Thursday, October 15, 2015

History of Kentucky's Governors (1900-1911)

By Paul Whalen 

2015 is a Gubernatorial election year, with Republican candidate Matt Bevin set to take on Democratic candidate and current Kentucky Attorney General, Jack Conway. 

Fort Thomas resident, Paul Whalen, continues his look into the history of Kentucky's Governor's that will take us up to present day. 


JCW BECKHAM
1869-1940
 1900-1907 (Term)


John C.W. Beckham was  the grandson of the former Governor Charles “The Duke” Wickham, and was William Goebel’s Lt. Governor in the election of 1899.

Beckham was a native and resident of Bardstown, Kentucky.  He attended Central University, now Eastern Kentucky University prior to becoming a public school principal and beginning the study and practice of law.

Beckham served three terms in the Kentucky House of Representatives, becoming Speaker in 1898.  (Goebel was Senate President at that time)
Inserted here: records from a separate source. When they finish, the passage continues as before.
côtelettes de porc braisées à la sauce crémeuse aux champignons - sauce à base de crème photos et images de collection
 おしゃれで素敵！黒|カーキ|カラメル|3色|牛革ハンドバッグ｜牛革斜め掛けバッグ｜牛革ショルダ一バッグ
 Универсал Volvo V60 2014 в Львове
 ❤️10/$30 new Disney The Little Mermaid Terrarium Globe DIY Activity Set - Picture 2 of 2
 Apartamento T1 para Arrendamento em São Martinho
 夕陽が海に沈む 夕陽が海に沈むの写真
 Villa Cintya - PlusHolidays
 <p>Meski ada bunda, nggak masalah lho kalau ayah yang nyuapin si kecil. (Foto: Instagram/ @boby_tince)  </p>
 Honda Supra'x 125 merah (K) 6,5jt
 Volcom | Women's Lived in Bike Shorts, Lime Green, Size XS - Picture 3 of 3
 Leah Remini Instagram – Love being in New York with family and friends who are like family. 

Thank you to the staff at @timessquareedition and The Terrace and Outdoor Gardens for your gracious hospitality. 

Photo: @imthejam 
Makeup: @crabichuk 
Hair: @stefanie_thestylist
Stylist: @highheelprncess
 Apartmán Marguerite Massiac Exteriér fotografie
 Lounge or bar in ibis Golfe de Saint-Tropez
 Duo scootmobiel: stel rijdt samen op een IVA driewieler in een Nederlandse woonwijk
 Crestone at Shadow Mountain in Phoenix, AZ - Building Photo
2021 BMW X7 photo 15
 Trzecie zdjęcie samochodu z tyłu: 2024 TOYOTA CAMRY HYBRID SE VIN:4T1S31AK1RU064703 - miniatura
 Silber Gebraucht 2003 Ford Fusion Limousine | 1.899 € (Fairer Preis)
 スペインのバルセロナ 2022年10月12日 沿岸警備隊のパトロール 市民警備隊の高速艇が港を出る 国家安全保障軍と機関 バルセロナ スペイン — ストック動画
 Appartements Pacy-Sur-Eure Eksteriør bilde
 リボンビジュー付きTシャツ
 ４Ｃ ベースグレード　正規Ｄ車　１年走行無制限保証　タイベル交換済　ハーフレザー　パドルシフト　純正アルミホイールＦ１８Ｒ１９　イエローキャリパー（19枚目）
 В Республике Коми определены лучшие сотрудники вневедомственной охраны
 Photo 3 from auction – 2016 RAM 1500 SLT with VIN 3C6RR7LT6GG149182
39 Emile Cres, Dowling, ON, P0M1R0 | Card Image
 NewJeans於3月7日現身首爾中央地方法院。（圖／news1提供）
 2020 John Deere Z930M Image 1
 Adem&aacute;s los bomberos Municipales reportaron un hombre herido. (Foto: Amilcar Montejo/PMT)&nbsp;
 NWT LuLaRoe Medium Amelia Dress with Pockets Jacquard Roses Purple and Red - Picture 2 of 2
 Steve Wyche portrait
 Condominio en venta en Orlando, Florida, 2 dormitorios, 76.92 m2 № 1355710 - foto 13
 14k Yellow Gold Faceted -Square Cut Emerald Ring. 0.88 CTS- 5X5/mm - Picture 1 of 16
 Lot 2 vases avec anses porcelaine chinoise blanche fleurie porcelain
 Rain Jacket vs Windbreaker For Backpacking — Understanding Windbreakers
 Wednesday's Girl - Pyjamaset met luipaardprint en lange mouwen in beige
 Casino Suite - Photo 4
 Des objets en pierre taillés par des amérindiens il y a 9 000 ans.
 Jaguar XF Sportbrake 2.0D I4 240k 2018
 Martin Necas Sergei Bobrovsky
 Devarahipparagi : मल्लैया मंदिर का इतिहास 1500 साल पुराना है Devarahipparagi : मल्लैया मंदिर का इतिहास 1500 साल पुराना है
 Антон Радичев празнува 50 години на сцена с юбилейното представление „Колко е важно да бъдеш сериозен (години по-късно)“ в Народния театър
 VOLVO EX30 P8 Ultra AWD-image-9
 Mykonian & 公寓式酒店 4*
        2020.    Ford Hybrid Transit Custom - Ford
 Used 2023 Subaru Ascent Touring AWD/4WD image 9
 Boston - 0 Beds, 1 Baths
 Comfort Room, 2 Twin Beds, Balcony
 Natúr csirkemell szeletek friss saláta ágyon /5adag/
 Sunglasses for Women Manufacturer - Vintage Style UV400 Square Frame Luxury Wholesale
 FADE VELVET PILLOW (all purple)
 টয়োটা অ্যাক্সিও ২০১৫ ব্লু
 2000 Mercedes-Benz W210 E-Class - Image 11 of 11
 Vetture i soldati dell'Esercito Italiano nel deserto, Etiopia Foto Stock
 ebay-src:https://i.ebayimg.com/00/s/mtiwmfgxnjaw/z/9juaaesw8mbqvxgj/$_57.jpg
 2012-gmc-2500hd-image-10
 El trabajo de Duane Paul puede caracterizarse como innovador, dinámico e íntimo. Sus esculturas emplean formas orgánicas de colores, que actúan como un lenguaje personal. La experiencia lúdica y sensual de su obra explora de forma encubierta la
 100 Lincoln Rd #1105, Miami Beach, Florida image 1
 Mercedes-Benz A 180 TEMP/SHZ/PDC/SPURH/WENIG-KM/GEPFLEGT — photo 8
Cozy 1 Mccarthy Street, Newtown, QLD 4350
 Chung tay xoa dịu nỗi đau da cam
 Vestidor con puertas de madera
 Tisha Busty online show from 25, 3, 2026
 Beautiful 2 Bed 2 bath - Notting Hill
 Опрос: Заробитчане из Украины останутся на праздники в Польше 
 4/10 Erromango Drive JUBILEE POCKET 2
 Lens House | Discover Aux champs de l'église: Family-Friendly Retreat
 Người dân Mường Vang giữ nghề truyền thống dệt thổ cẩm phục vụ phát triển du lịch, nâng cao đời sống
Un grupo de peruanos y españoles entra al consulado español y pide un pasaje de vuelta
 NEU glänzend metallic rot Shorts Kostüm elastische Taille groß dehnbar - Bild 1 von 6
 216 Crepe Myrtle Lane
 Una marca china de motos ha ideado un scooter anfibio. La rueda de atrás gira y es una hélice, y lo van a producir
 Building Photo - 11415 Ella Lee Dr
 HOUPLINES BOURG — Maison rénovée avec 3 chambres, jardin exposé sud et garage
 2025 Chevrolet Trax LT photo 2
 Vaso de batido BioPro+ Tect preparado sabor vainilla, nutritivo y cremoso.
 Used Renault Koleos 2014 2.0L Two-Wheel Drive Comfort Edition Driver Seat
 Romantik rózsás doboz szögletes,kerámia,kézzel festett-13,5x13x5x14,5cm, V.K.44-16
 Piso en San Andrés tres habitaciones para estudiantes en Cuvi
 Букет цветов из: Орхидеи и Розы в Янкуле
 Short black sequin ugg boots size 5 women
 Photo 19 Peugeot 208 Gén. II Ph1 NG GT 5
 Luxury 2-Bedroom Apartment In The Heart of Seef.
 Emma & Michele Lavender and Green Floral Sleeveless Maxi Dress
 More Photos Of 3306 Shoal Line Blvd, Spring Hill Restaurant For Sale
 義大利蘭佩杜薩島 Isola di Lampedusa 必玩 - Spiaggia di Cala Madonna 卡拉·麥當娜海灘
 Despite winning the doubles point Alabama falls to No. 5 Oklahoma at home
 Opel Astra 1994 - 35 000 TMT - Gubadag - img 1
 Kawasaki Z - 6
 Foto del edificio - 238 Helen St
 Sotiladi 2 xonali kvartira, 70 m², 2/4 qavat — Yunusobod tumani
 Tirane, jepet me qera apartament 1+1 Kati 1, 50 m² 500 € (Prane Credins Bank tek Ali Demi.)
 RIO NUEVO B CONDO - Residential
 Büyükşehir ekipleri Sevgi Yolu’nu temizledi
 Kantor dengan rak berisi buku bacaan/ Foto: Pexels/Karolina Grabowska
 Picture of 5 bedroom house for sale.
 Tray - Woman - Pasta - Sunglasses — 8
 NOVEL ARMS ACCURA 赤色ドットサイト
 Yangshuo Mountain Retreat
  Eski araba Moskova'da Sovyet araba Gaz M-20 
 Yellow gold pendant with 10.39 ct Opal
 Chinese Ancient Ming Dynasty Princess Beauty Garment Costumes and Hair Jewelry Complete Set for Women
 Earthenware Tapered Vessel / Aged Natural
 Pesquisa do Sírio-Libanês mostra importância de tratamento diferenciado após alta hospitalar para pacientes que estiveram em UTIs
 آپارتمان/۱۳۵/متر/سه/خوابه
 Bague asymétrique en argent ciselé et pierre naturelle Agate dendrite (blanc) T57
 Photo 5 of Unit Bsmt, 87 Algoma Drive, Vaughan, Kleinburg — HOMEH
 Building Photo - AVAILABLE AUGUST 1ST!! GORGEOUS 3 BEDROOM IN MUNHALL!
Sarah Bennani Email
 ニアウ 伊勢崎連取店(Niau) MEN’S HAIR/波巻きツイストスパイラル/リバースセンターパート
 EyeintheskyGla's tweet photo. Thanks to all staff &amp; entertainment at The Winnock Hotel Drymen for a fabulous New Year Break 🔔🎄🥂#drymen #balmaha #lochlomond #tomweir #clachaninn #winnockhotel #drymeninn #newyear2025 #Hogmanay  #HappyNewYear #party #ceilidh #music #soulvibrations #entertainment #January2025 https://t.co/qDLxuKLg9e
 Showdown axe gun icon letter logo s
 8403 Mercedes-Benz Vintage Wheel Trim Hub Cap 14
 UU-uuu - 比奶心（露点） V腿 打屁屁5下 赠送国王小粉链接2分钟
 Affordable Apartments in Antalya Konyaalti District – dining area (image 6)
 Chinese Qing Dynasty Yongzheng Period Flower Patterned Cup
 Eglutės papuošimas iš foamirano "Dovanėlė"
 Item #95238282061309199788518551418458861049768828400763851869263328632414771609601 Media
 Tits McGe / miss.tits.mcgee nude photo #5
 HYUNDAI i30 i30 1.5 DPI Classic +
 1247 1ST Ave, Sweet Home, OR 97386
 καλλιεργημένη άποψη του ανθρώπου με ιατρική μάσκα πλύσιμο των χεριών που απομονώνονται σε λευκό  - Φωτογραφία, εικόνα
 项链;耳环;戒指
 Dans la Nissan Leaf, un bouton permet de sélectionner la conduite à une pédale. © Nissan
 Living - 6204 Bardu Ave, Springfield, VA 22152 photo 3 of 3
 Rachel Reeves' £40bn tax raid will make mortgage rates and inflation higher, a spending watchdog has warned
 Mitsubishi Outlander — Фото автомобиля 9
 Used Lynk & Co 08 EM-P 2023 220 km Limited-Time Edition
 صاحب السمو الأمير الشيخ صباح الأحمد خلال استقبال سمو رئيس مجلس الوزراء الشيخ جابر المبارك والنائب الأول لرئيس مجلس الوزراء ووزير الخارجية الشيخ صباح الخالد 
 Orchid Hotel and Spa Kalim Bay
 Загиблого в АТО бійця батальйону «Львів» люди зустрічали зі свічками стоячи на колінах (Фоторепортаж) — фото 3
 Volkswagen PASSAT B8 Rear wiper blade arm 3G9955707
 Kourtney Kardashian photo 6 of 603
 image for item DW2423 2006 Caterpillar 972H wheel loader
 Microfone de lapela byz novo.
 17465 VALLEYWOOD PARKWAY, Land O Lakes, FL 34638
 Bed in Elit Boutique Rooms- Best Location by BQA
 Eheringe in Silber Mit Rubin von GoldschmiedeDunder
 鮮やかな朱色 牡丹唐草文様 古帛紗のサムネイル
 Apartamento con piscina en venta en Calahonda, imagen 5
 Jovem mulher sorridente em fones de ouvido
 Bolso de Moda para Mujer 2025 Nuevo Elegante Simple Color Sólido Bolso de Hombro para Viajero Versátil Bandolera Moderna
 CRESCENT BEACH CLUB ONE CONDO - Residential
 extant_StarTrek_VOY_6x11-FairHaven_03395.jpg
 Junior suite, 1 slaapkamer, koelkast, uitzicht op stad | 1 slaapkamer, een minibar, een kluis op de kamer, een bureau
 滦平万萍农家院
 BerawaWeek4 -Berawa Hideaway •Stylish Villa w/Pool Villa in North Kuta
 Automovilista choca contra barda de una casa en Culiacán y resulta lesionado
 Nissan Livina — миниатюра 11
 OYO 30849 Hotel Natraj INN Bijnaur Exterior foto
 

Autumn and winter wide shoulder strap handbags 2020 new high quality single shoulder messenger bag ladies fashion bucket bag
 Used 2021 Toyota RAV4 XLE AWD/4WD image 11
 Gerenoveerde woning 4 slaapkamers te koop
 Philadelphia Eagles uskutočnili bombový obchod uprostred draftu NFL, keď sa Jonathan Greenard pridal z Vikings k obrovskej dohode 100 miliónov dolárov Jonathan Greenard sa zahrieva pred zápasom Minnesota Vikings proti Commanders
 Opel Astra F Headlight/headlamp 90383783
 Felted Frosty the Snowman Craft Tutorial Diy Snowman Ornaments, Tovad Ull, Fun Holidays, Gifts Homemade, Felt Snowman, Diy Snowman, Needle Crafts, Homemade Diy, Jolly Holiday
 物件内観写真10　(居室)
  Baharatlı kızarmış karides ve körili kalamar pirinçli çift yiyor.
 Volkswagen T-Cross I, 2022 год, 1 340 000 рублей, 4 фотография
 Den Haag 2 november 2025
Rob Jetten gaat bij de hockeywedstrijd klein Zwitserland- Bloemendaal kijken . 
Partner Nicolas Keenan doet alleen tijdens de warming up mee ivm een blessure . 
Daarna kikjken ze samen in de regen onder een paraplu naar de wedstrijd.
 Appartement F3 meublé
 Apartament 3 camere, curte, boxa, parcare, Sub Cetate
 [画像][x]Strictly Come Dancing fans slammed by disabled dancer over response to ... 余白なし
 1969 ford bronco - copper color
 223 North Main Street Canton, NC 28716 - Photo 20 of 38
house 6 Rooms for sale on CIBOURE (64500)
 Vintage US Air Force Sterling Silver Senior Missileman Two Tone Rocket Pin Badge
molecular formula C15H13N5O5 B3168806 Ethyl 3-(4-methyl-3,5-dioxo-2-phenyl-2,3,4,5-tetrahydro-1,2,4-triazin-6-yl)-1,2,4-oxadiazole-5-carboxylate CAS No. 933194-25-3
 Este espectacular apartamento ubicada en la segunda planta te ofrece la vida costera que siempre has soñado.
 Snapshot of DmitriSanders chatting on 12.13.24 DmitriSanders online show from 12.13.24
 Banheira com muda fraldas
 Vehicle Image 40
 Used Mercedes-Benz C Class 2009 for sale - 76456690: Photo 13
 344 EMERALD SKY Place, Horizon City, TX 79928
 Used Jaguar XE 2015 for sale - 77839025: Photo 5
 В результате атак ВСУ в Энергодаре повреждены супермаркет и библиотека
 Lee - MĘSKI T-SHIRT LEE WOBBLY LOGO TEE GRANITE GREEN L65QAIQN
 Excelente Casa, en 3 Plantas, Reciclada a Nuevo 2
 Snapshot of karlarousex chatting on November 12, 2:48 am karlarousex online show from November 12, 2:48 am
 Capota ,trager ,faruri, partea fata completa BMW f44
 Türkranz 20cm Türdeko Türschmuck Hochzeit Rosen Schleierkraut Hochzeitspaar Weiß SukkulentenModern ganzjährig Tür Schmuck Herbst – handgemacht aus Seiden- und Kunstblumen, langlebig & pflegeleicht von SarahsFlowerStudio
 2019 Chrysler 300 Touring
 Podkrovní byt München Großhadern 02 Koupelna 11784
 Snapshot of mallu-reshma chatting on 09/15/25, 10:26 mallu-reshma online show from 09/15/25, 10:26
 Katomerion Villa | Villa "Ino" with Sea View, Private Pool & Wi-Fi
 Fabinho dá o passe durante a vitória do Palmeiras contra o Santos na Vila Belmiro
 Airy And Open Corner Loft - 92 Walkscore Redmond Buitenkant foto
He was sworn in as Governor after Goebel’s death on February 3, 1900 and following the appeals of the 1899 election to the General Assembly, the Franklin Circuit Court, the Kentucky Court of Appeals and a U.S. Supreme Court’s decision upholding the Kentucky Court of Appeals decision validating Goebel’s election.  A special election for KY Governor was held in November 1900 for the remainder of the term where Beckham was elected in his own right.  In the special election of November 1900, Beckham won over Republican John W. Yerkes.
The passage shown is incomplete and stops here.